***** Dataset excerpt *****

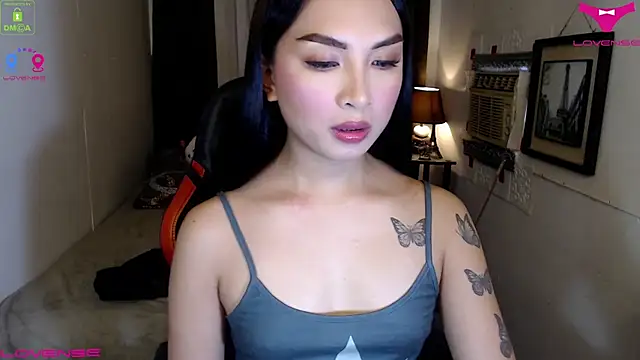 Snapshot of Goddess_Isabel chatting on November 21, 2:32 am Goddess Isabel online show from November 21, 2:32 am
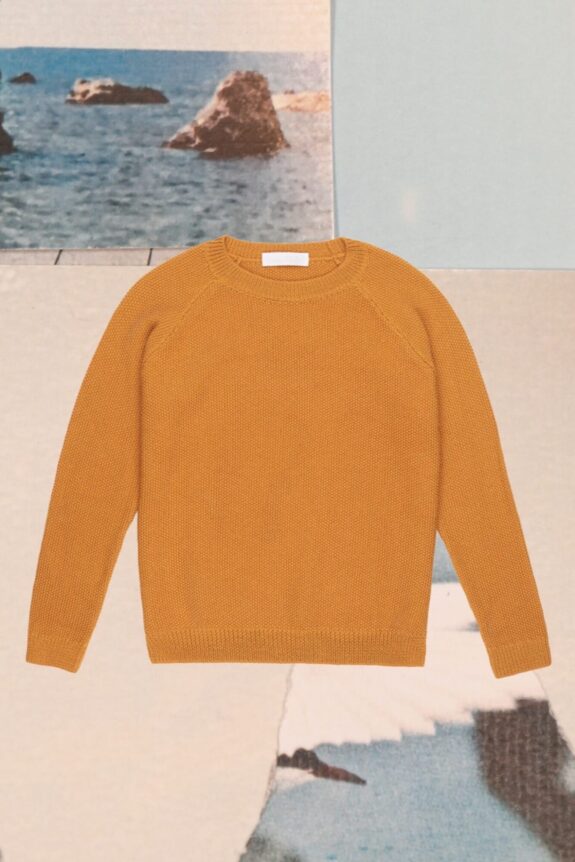 Hesperios 001 Fårö unisex baby alpaca sweater in Mustard relaxed fit rice-stitch knit with ribbed neck, cuffs, and hem.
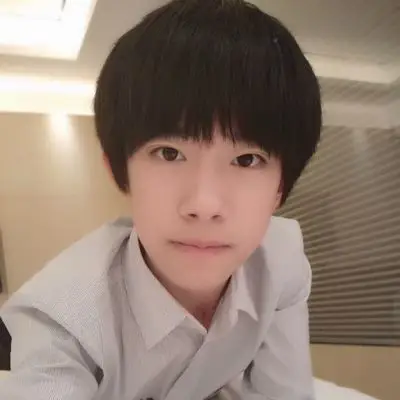 易烊千玺同款韩版假发男生短发帅气逼真齐刘海蓬松自然男士短直发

*****

**Your instructions:** When a line carries an image, skip the image and repeat everything else above exactly as written.

**Exercise solution:**
 Snapshot of Goddess_Isabel chatting on November 21, 2:32 am Goddess Isabel online show from November 21, 2:32 am
 Hesperios 001 Fårö unisex baby alpaca sweater in Mustard relaxed fit rice-stitch knit with ribbed neck, cuffs, and hem.
 易烊千玺同款韩版假发男生短发帅气逼真齐刘海蓬松自然男士短直发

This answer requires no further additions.